What all of this means is that companies can—and will—be held liable for any messages shared in association with their brand. In his book, Performance Partnerships, Robert Glazer, founder and managing director of affiliate program management agency Acceleration Partners, said, “Brands are demanding transparency—it’s no longer OK to pay a lot of money to a partner and not know what they are doing.”
He explained, “The early years of affiliate marketing were plagued by a lack of transparency. A lot of large affiliates refused to disclose their tactics. They claimed that this was for proprietary reasons, but it’s clear that a lack of transparency increases the chances of questionable, or even fraudulent, behavior … In a performance partnership, you know what your partner is doing and how they’re doing it.”

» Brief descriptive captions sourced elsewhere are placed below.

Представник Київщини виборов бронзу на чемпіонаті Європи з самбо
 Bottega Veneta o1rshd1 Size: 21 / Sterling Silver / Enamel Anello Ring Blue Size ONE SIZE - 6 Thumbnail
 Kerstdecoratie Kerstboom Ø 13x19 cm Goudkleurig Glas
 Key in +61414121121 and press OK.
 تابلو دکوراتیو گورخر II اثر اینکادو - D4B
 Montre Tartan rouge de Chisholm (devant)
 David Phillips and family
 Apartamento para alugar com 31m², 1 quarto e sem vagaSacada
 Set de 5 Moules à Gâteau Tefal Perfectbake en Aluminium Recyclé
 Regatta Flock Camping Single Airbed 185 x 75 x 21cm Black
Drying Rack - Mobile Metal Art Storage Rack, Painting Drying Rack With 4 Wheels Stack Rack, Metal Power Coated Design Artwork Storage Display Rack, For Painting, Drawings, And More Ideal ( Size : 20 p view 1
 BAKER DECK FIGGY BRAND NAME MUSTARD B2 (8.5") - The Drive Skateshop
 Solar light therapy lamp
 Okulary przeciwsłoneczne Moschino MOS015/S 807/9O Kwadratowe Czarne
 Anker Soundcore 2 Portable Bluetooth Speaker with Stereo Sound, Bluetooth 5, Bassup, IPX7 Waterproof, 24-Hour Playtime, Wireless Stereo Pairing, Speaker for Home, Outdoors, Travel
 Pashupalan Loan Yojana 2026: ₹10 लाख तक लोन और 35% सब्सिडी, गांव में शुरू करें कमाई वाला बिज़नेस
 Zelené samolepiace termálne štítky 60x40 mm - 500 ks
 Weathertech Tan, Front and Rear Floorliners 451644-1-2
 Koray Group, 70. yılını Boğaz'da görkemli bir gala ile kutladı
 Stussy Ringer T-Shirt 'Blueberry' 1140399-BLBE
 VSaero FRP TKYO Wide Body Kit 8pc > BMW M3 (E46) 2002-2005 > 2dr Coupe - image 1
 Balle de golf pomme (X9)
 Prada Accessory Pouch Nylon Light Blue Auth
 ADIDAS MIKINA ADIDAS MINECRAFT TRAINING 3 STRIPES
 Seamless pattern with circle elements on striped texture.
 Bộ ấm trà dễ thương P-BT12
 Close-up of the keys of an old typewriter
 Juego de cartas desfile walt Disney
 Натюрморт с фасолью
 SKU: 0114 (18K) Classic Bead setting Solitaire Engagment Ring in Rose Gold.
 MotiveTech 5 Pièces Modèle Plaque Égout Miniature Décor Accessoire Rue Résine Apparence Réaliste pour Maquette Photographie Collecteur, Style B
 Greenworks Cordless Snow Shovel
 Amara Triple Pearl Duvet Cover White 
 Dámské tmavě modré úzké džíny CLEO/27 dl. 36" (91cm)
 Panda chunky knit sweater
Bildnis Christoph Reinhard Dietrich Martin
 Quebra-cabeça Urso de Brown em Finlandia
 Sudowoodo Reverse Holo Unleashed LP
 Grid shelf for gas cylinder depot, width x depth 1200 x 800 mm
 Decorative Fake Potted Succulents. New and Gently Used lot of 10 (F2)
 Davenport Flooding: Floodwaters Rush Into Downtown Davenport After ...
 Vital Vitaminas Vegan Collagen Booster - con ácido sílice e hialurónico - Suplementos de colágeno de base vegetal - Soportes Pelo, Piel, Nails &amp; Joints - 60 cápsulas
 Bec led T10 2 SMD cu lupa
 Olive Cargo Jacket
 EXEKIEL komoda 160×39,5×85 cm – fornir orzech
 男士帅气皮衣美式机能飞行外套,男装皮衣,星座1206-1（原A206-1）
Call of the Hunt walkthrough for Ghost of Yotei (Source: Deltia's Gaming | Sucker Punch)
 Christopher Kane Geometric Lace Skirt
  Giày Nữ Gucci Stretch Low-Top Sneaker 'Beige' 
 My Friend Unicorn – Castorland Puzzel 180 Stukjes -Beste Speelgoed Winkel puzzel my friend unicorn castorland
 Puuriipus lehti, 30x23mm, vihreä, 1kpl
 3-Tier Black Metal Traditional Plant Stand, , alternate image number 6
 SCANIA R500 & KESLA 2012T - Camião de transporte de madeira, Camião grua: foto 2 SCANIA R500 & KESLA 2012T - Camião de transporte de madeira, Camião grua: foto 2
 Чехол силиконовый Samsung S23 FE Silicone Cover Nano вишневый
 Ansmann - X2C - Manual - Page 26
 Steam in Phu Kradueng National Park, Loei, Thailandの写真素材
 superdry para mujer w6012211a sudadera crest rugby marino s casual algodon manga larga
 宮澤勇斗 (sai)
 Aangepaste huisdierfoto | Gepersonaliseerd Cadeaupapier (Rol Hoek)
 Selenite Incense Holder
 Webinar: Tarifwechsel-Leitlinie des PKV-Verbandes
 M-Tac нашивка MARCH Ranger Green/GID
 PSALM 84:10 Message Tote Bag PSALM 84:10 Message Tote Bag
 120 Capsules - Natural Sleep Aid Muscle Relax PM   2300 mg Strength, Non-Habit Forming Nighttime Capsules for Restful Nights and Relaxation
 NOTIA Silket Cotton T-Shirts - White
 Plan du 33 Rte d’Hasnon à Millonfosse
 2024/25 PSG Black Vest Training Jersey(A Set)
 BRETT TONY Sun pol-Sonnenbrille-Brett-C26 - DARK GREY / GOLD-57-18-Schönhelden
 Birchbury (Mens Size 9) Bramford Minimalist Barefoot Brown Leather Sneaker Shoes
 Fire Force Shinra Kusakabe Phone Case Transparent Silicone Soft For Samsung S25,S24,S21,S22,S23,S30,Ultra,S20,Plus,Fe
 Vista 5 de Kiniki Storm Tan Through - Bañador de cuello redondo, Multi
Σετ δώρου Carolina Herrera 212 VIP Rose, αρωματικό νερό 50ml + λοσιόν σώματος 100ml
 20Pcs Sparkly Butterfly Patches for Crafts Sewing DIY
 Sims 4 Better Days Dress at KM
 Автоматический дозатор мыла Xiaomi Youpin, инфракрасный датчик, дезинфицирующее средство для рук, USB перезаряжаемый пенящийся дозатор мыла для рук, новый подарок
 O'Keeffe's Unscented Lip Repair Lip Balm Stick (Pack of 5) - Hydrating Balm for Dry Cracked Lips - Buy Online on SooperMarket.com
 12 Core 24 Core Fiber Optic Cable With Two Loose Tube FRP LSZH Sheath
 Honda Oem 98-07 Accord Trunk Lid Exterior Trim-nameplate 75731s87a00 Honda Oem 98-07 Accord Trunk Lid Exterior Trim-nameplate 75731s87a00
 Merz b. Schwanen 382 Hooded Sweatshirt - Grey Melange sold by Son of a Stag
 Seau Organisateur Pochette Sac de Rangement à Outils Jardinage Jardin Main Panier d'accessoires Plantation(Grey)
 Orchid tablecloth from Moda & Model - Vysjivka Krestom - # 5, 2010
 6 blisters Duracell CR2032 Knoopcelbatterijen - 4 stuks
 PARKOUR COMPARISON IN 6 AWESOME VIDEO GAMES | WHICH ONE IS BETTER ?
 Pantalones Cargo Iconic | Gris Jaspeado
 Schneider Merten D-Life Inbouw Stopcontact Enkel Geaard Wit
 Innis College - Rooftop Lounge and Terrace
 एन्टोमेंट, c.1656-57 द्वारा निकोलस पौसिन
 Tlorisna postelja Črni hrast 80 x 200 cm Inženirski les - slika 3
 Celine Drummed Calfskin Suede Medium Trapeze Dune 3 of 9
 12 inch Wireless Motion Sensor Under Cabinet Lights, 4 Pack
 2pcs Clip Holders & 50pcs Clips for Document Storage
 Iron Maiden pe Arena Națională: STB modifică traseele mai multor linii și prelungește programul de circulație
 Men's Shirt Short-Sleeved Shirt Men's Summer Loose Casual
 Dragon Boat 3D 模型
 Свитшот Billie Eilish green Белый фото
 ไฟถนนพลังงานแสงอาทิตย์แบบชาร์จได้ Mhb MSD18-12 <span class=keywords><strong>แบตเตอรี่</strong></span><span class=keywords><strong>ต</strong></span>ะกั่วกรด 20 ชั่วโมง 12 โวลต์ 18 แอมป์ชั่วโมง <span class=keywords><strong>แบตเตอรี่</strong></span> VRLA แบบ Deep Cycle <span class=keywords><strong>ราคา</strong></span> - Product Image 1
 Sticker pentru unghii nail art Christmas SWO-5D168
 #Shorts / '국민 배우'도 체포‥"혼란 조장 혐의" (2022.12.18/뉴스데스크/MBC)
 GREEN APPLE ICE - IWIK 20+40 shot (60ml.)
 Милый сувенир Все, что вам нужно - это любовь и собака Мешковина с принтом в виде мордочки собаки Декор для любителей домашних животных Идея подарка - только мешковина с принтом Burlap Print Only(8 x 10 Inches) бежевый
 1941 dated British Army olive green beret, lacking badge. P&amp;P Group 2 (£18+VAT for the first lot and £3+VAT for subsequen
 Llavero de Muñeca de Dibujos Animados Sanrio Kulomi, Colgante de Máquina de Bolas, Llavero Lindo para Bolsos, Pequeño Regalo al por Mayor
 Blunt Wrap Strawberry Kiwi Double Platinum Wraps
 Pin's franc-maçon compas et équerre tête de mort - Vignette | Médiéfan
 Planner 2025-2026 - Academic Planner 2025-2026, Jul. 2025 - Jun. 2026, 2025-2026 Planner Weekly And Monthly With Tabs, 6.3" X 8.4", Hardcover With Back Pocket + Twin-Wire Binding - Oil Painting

Whether brands are leaning on affiliate marketing, influencer marketing or a combination to reinforce their internal social marketing efforts, it can be hard to ensure that the messages being conveyed are consistent (and congruent). Companies should take a few steps to protect themselves and ensure that their performance marketing efforts are truly high-performing:
- Regularly monitor FTC disclosures: Staying updated on what the FTC is currently recommending—or what others are confused by—is an easy way to stay compliant. Some prefer to keep their head in the sand, thinking that the relatively new nature of blogs and social media must mean that there’s minimal enforcement. Truth in advertising has always been the FTC’s focus, though, and that now extends to social marketing. Being able to point back to a regulation to explain why a brand took an action can protect the company, its customers and its public-relations efforts.
- Work directly with affiliates or influencers on the importance of disclosures: Misrepresenting where endorsements have come from is a disaster waiting to happen. Clearly communicate to affiliates, bloggers and influencers what their disclosures should look like. Send them explicit examples and instructions so that there’s no confusion regarding their role. Reminders can be a brand’s savior, from broad affiliate program newsletter reminders to individual emails to those not in compliance.
- Perform frequent audits of your social network: Glazer’s Acceleration Partners team audits its programs on a quarterly basis, randomly selecting affiliates from each program to serve as a representative sample. Team members review the content on each selected affiliate’s site promoting a particular brand, checking for disclosures and ensuring that they’re presented as they should be. All of the audits are logged for record-keeping purposes, allowing the team to see whether a specific affiliate has struggled multiple times to disclose properly. Glazer also recommends using an affiliate grader to objectively rate affiliates’ work.
- Pledge to only work with networks and partners who are aboveboard: It can be tempting to bring on an affiliate or an influencer with a lot of clout or a significant following, but the payoff of that person’s influence may not justify the fallout if he or she fails to represent the brand in a compliant manner. Furthermore, associating with less-than-credible networks or partners can scare off successful, trustworthy partners. It’s just not worth the risk.
Truth in marketing is more important than ever. 91 percent of consumers say they value a brand’s authenticity about its products and services, and they reward these brands with their business. Social marketing gone awry—through a missing disclosure or a lack of honest information—can sabotage even the best-laid plans. To avoid claims of “fake news,” brands must ensure that their networks are as trustworthy as their products.
Keeping your brand top-of-mind as “trustworthy” with today’s fickle consumer set is crucial if you want to continue growing your market share tomorrow.